Ch 10 covers the wave nature of light — Huygens' principle, interference (Young's double slit), diffraction (single slit), and polarisation (Brewster, Malus law).
Huygens' principle: each point on a wavefront acts as a source of secondary wavelets. Young's double slit: two coherent sources produce bright and dark fringes. Bright fringe: path difference = nλ. Dark fringe: (2n+1)λ/2. Fringe width β = λD/d. Intensity at any point: I = 4I₀cos²(πyd/λD).

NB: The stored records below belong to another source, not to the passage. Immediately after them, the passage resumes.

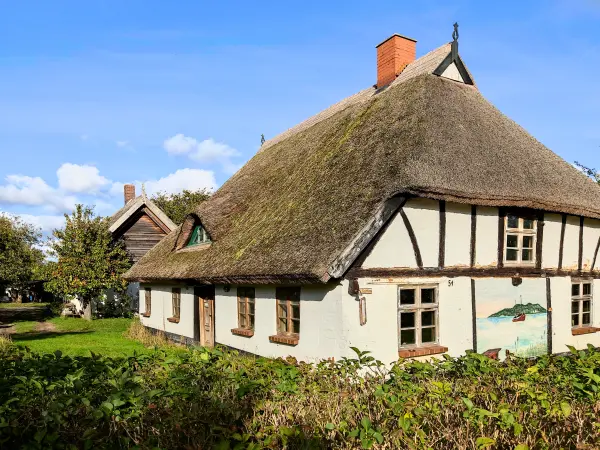 202310160-28 - Reetgedecktes Haus in Neuendorf, Rügen, Mecklenburg-Vorpommern, Deutschland
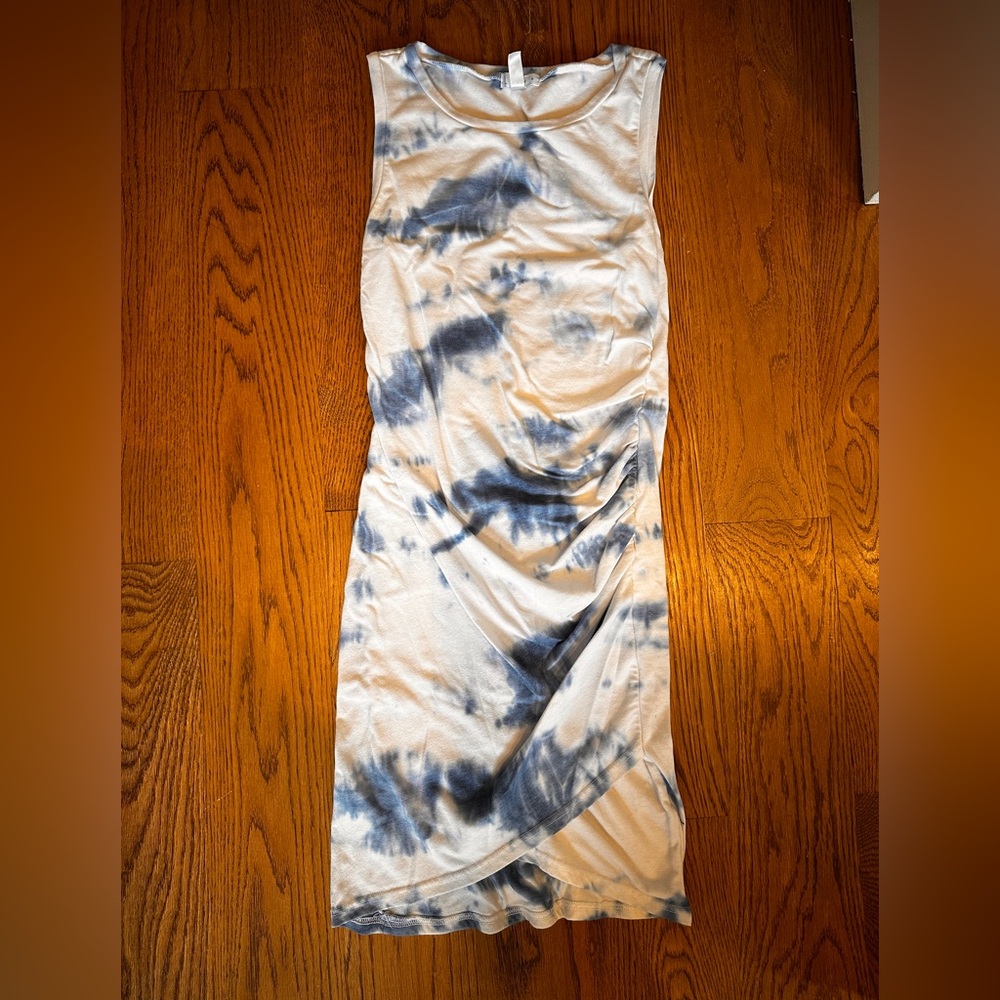 Leith Ruched Bodycon Sleeveless Crew Neck Dress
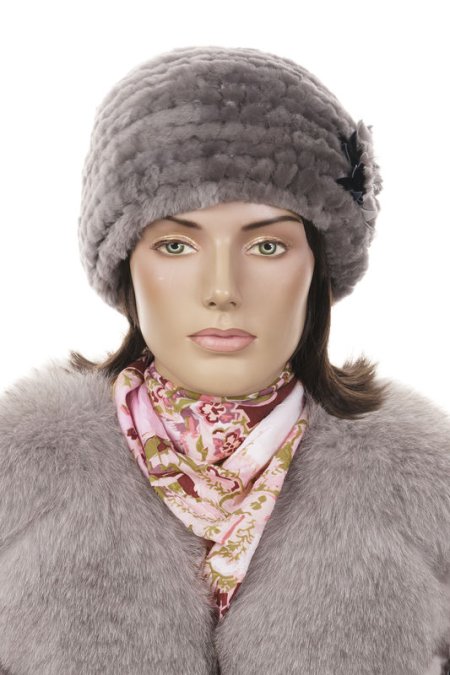 Купить Шапка женская из мутона в каталоге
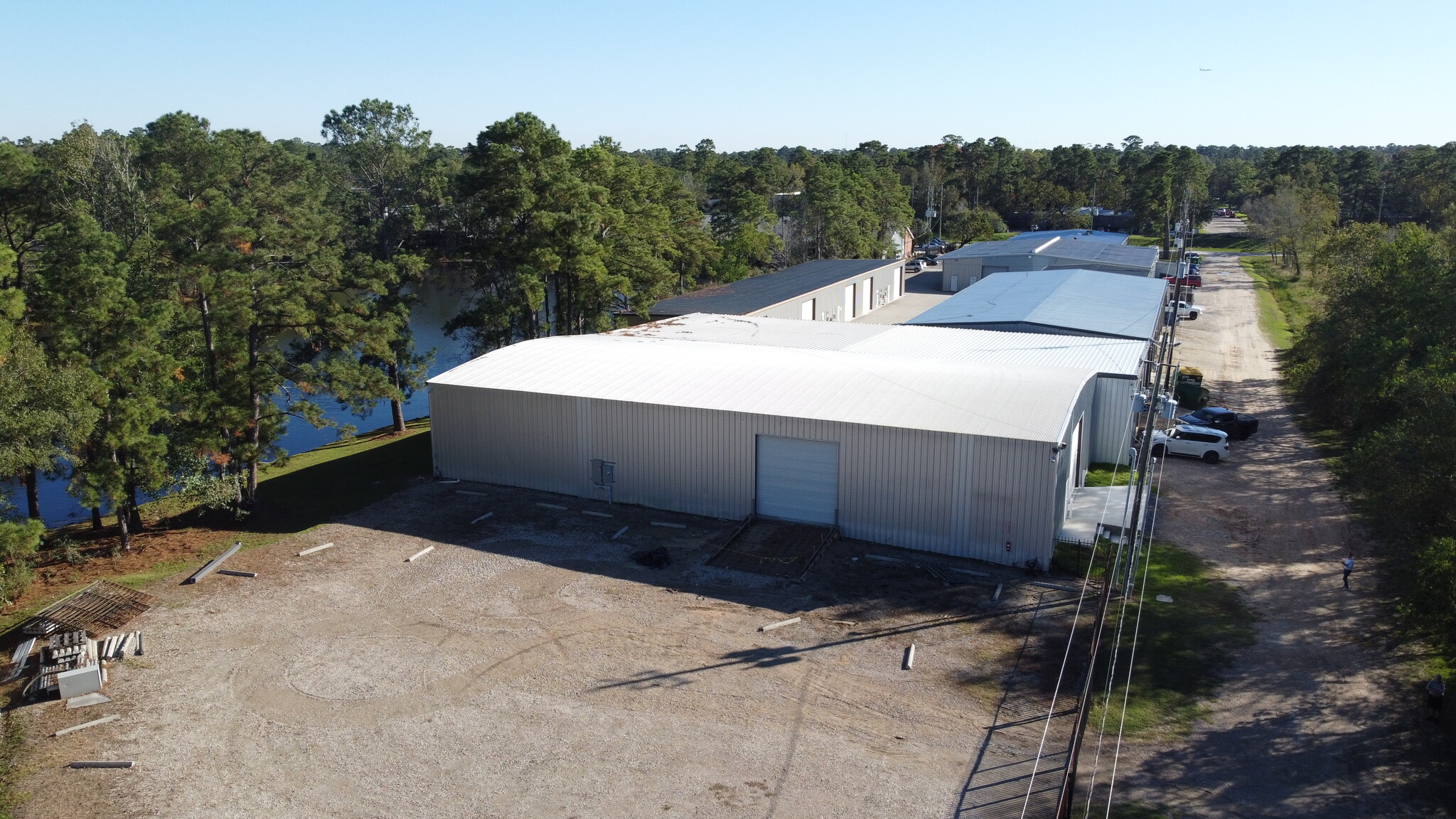 1515 Lakeville Dr, Kingwood, TX for lease Building Photo- Image 1 of 7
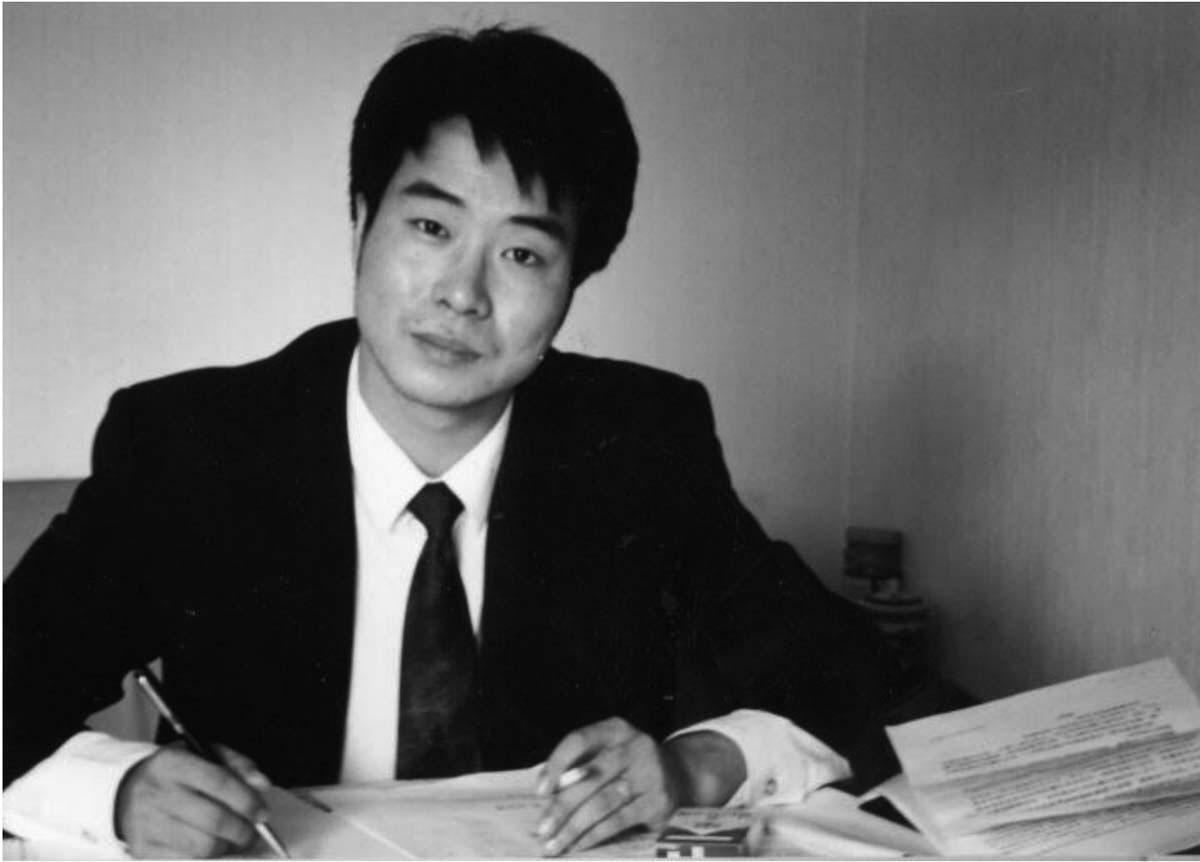 吉林穷小子，考上北大，却被北大封杀，合伙创业，又被踢出局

Single slit diffraction: central maximum (2λ/a wide), secondary maxima diminish. First minimum: a sinθ = λ. Limit of resolution: θ_min = 1.22λ/D (Rayleigh criterion). Polarisation proves light is a transverse wave. Malus' law: I = I₀cos²θ. Brewster's law: tanθ_B = n₂/n₁ (reflected light is completely polarised). Polaroid filters: transmit one direction of vibration.
Download: https://ncert.nic.in/textbook/pdf/leph202.pdf | Part II: https://ncert.nic.in/textbook/pdf/leph2ps.zip
Each point within the slit acts as a source of secondary waves (Huygens). These waves interfere with each other: at certain angles, wavelets from different parts of the slit destructively interfere (path difference = nλ), creating dark fringes. The central maximum is brightest and widest. This demonstrates the wave nature of light — waves can bend around obstacles.